▶ _Task inputs_:

────────────────

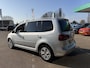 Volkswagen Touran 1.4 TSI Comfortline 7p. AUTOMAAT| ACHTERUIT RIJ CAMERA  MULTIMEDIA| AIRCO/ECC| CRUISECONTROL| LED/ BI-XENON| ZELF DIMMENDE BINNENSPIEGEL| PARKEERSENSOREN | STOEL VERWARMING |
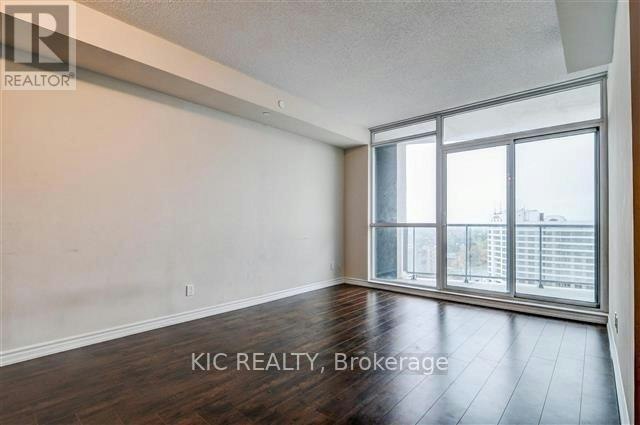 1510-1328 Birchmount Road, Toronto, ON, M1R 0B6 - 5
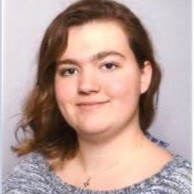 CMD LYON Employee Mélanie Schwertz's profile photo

────────────────

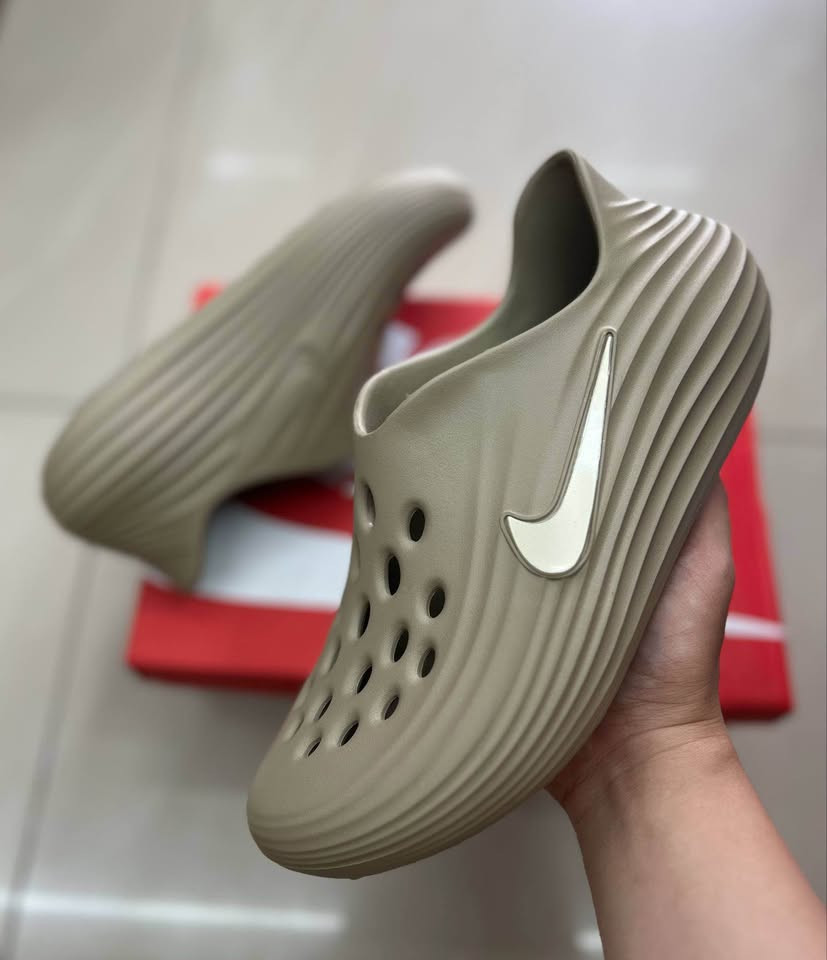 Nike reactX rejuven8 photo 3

────────────────

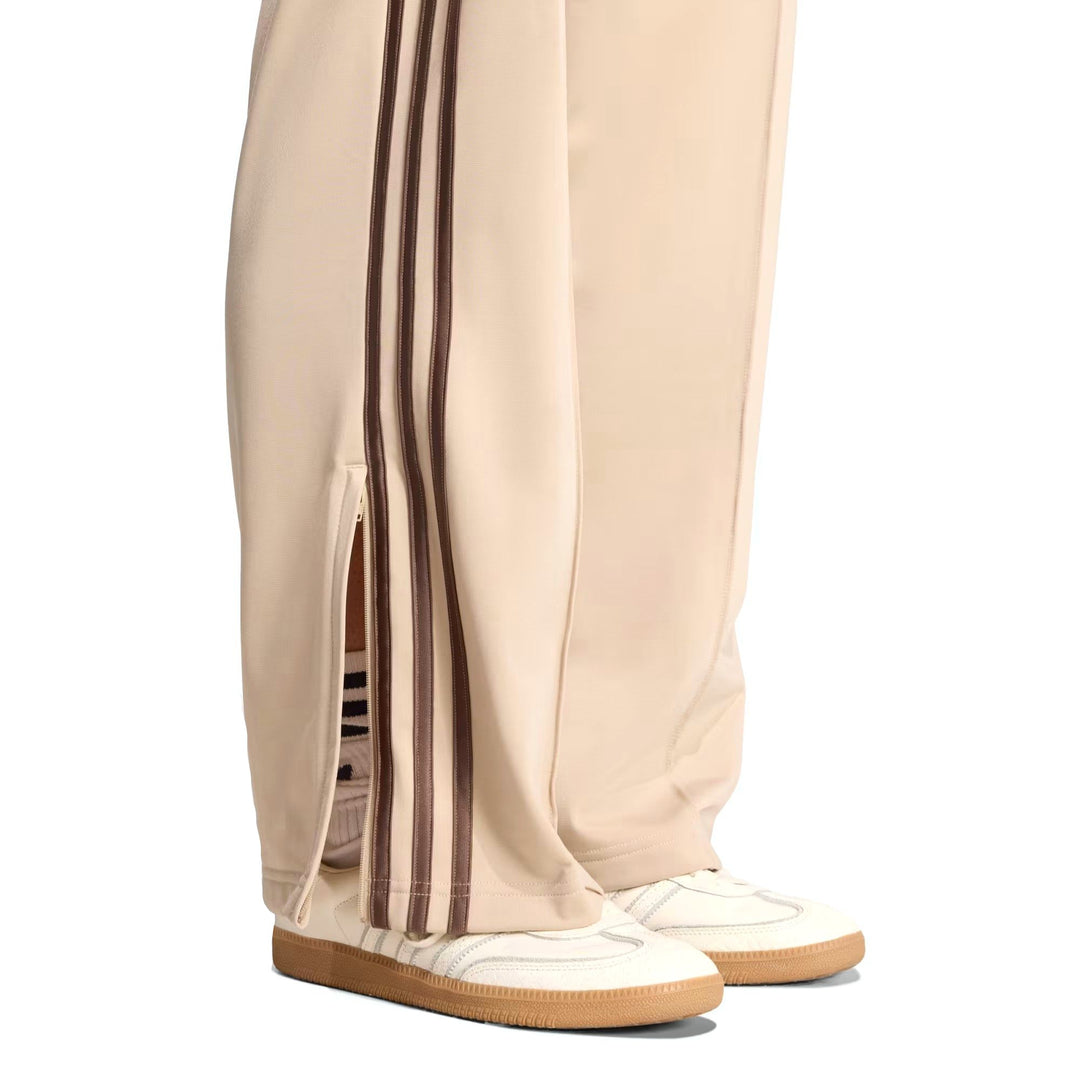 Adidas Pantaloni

────────────────

From the listing above, restate verbatim the lines running from the one with "Volkswagen Touran 1.4" through the one with "CMD LYON Employee", inclusive, but not the pictures.

▶ _Reply to the task_:
 Volkswagen Touran 1.4 TSI Comfortline 7p. AUTOMAAT| ACHTERUIT RIJ CAMERA  MULTIMEDIA| AIRCO/ECC| CRUISECONTROL| LED/ BI-XENON| ZELF DIMMENDE BINNENSPIEGEL| PARKEERSENSOREN | STOEL VERWARMING |
 1510-1328 Birchmount Road, Toronto, ON, M1R 0B6 - 5
 CMD LYON Employee Mélanie Schwertz's profile photo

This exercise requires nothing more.